The World Health Organization is getting a lot of attention these days, and rightfully so. The organization is an independent body of the United Nations system responsible “for providing leadership on global health matters, shaping the health research agenda, setting norms and standards, articulating evidence-based policy options, providing technical support to countries and monitoring and assessing health trends.” Its 193 member states form the WHO’s governing body, called the “World Health Assembly” that meets every May. The WHO’s director general is Dr. Margaret Chan of Hong Kong/China/Canada.
The last time the WHO got this much play in the press was amidst the 2003 SARs outbreak, which affected people from Hong Kong to Toronto. Back then, the WHO was largely forced to improvise its way through the crisis–and did so successfully. The experience, however, lead member states to devise a more formal regulatory framework for dealing with similar situations in the future. So, in 2005, the World Health Organization passed a sweeping set of reforms called the 2005 International Health Regulations, which set mandatory procedures by which member states and the WHO would respond to sudden international public health emergencies. The Swine Flu outbreak is the first major test of the new system.
Julie Fischer, head of the Henry L. Stimson Center’s Global Health Security program, offered a quick assessment (via email) of how the newly empowered WHO is responding to the crisis.

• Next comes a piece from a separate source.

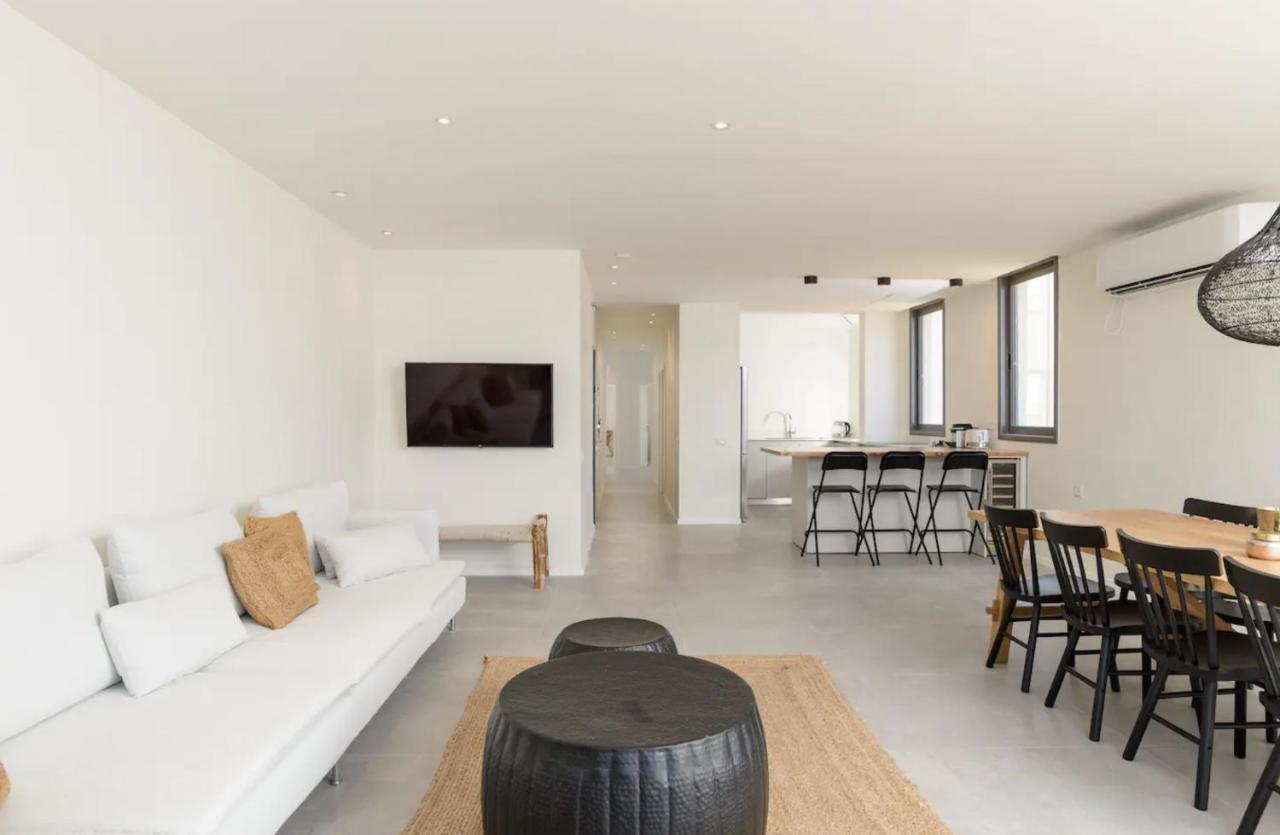 Stylish & Spacious 3 Bedroom Apartment By The Sea Netanya Exterior photo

Thus far, the system seems to be working as planned. The only immediately apparent concern is what appears to have been an unnecessary delay in intraregional communications among the U.S., Mexico, and Canada, which reflects both bilateral/trilateral communications issues but also calls into question whether [Pan-American Health Organization], the regional WHO office, served its role adequately. That would not be an issue of WHO reform, but more of staffing and function.
So, it would seem that formal frameworks for international cooperation are a net plus when it comes to responding to these types of emergencies.